*Exercise directions*. All of the data should be output character for character, except the pictures.

*Recorded data*.

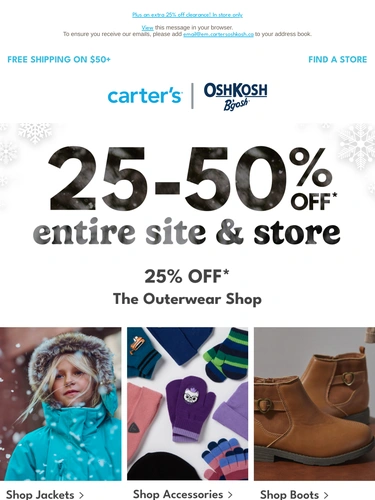 Carter's OshKosh Sale Announcement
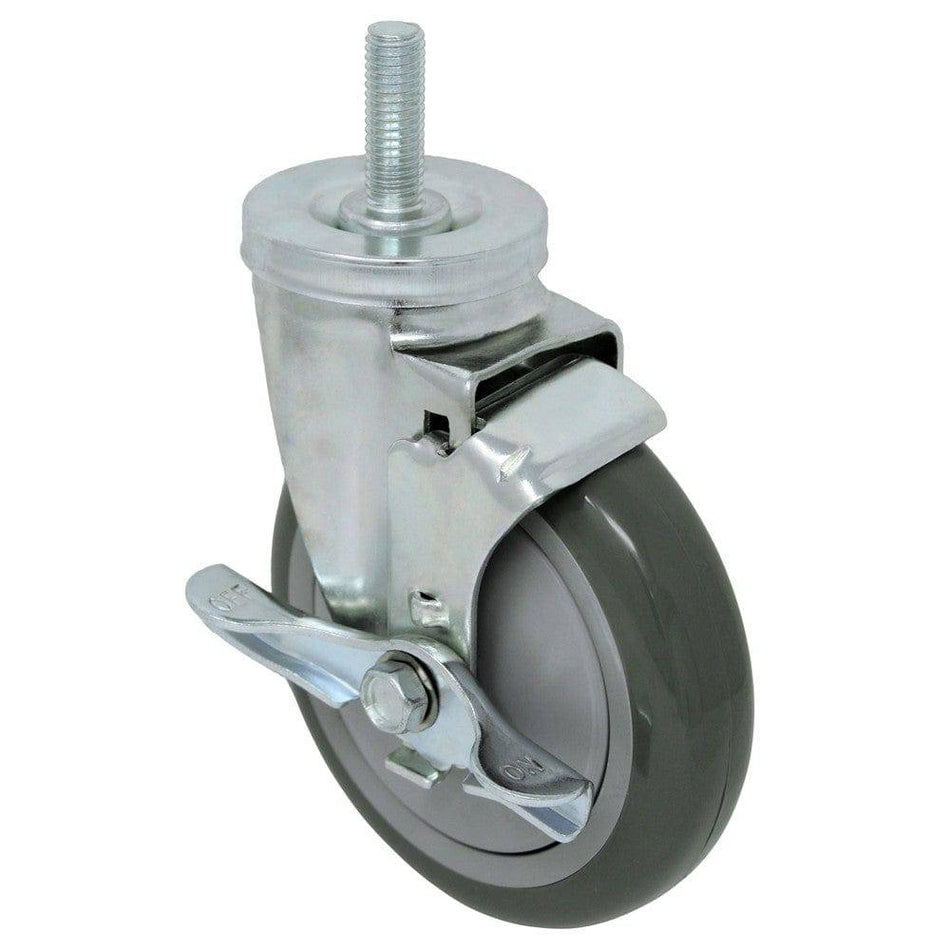 5" x 1-1/4" Poly-Pro Threaded Swivel Stem Caster w/ Top Lock Brake - 350 lb. Cap - Durable Superior Casters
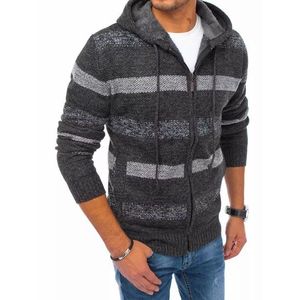 Originálny tmavo-šedý sveter s kapucňou vyobraziť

*Task result*.
 Carter's OshKosh Sale Announcement
 5" x 1-1/4" Poly-Pro Threaded Swivel Stem Caster w/ Top Lock Brake - 350 lb. Cap - Durable Superior Casters
 Originálny tmavo-šedý sveter s kapucňou vyobraziť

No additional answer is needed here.